Rigid connection locations and W-shapes in MGA1 when all supports are hinged and r req = 6

10 Summary and conclusions

Computational approaches that can assist decision-makers in the design of rigid steel frames are proposed in this paper. Development of optimization-based approaches that enable designers to identify the best locations for rigid connections in a moment frame is presented. The optimization approach involves two components—(1) A simple iterative procedure to find the least weight solution when the frame is considered to have only rigid connections and (2) A Genetic Algorithm (GA) to perform trade-off study between the number of rigid connections and the total cost of the frame. The GA starts with the solution from the first algorithm and attempts to find the cost-optimal solutions as the number of rigid connections are gradually decreased. The GA uses a unique crossover scheme that enables it to find the least cost solution for a specified number of rigid connections by limiting the search to only those solutions in which the number of rigid connections is exactly equal to a specified number. The performance of this optimization technique is studied for a realistic 5-bay 5-story frame. The trade-off study is conducted for two support cases—(1) all the supports at the base are fixed and (2) all the supports at the base are hinged. Finally, MGA is applied to generate design alternatives since the solutions generated through optimization may not be optimal with respect to certain unmodeled objectives and constraints. The “Hamming distance” is used as the difference metric in the MGA to generate a handful of alternatives for moment frame design. These alternatives are compared with respect to the following criteria—(1) inherent margin in a particular design with respect to increased lateral loads, (2) preference of certain rigid connection locations in the frame based on construction aspects and (3) the number of product changes in a single column of the frame.

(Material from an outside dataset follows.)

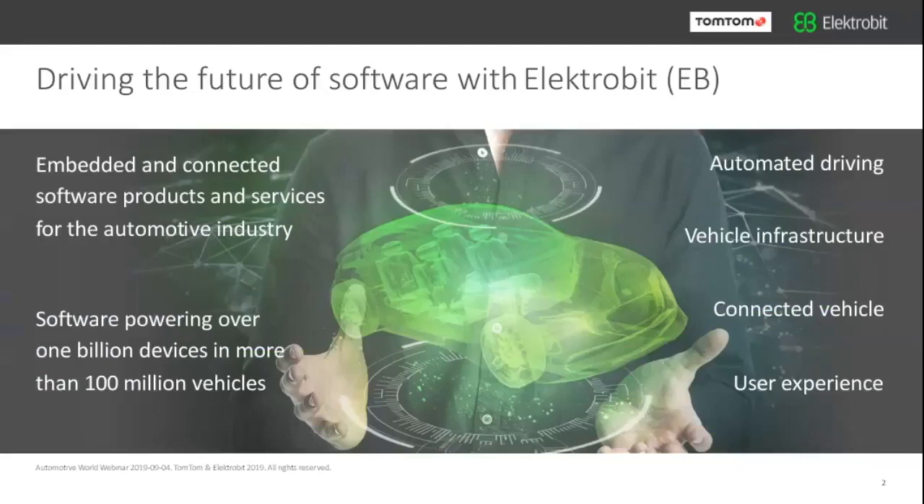Let me briefly introduce ElectroBit. We are a company well known in the automotive industry, focusing mostly on embedded systems and embedded software that runs in a lot of cars. In almost any car you drive by, our software is in — Daimler, BMW, Audi, Toyota, Honda, and many brands in the US carry our software. We are empowering more than 100 million vehicles with billions of devices. We have four focused topics: vehicle infrastructure and operating systems, building blocks to connect the vehicle to the outside world, tools for user experience, and automated driving, which is our focus today.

The following conclusions are derived from this study.

  • The trade-off study shows that the total cost of the frame is optimal when the rigid connections are placed at only a few locations in the frame.

  • When all the supports of the frame are fixed, there exists a trade-off between the number of rigid connections and the total cost.

  • When all the supports in the frame are hinged, there is no clear trade-off between the number of rigid connections and the total cost. The total cost increases, in a general sense, with increasing numbers of rigid connections.

  • MGA using “Hamming distance” generates design alternatives that can prove valuable in arriving at a final design.